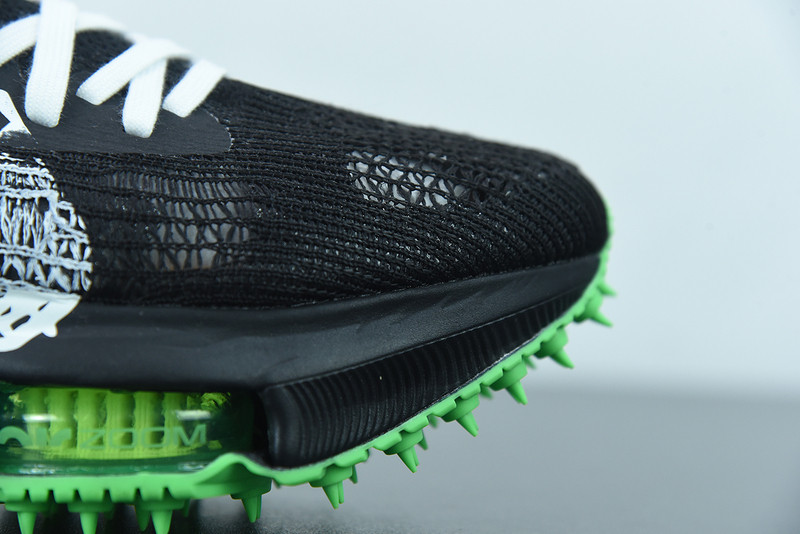 of x air zoom tempo next%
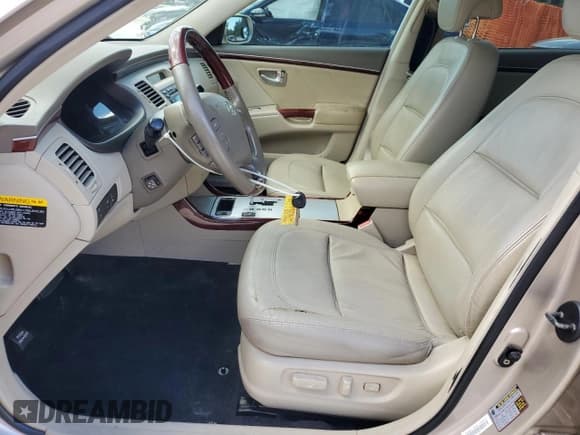 ✅ 2007 Hyundai Azera SE • VIN: KMHFC46FX7A189812 • Lot: 86695285. Listed on Copart with 73,191 mi. Free auction sales archive from the USA and detailed vehicle history report at DreamBid. Image 7.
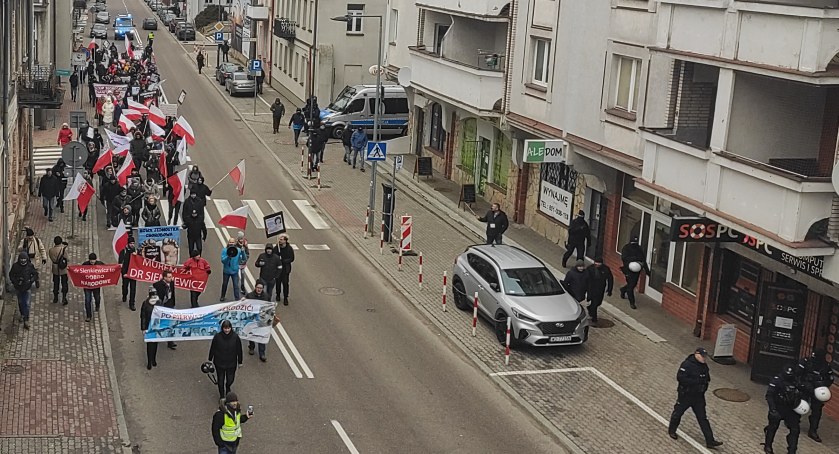 Antyrządowa demonstracja. Przeciwko segregacji, obostrzeniom, szczepieniom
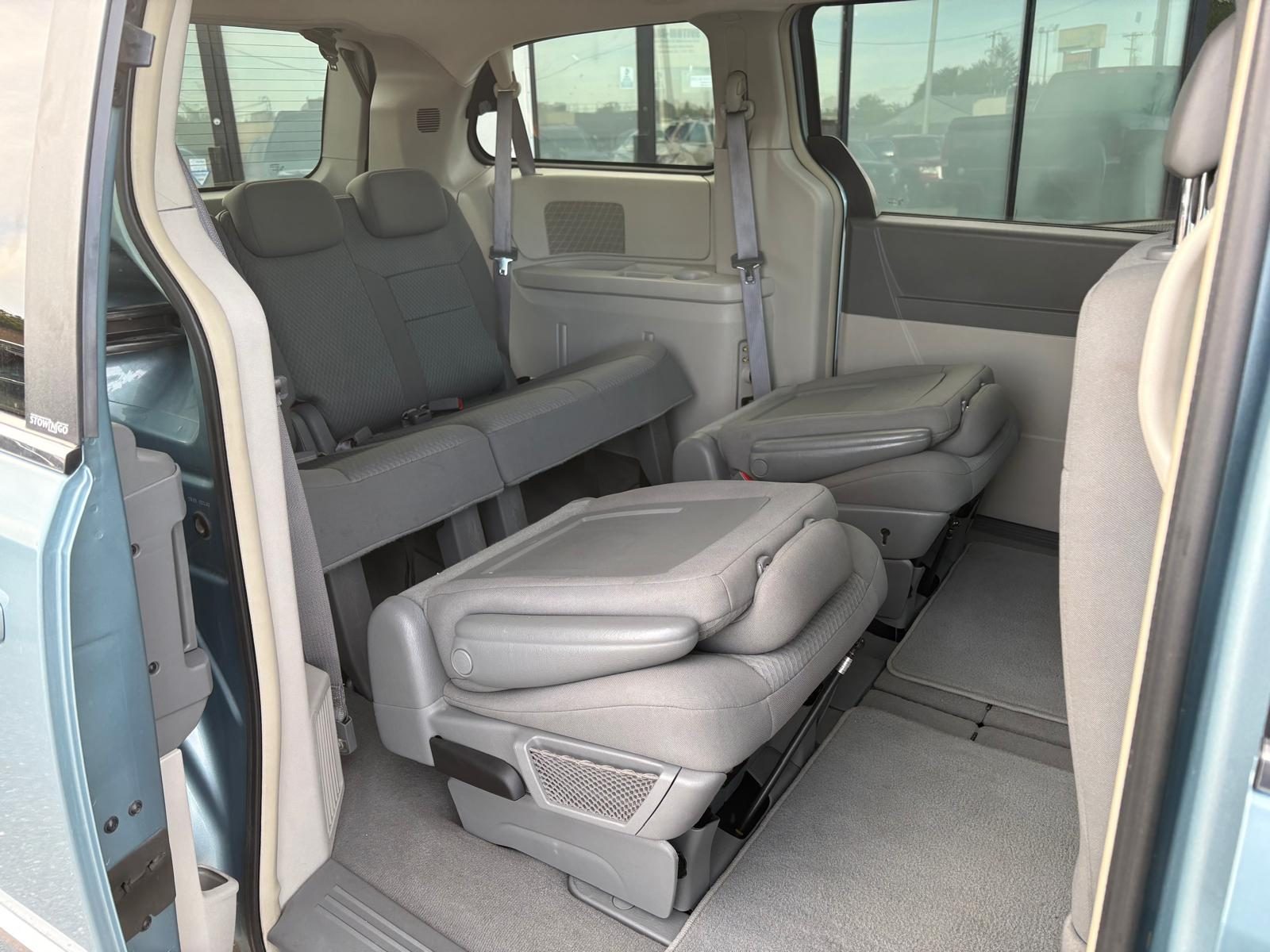 2010 Chrysler Town And Country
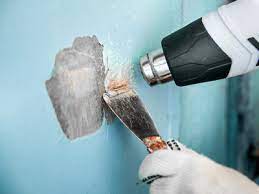 Um acrylfarbe von fliesen und holz zu entfernen, wird die farbe zuerst mit etwas pflanzenöl eingeweicht und dann vorsichtig abgeschabt. Farbe Entfernen So Geht Es Richtig Hagebau De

+===+

> **Work request**:
In the answer, repeat exactly the lines from the top of the entries above through the line with "DreamBid. Image 7.", and leave pictures out of it.

> **Task output**:
 of x air zoom tempo next%
 ✅ 2007 Hyundai Azera SE • VIN: KMHFC46FX7A189812 • Lot: 86695285. Listed on Copart with 73,191 mi. Free auction sales archive from the USA and detailed vehicle history report at DreamBid. Image 7.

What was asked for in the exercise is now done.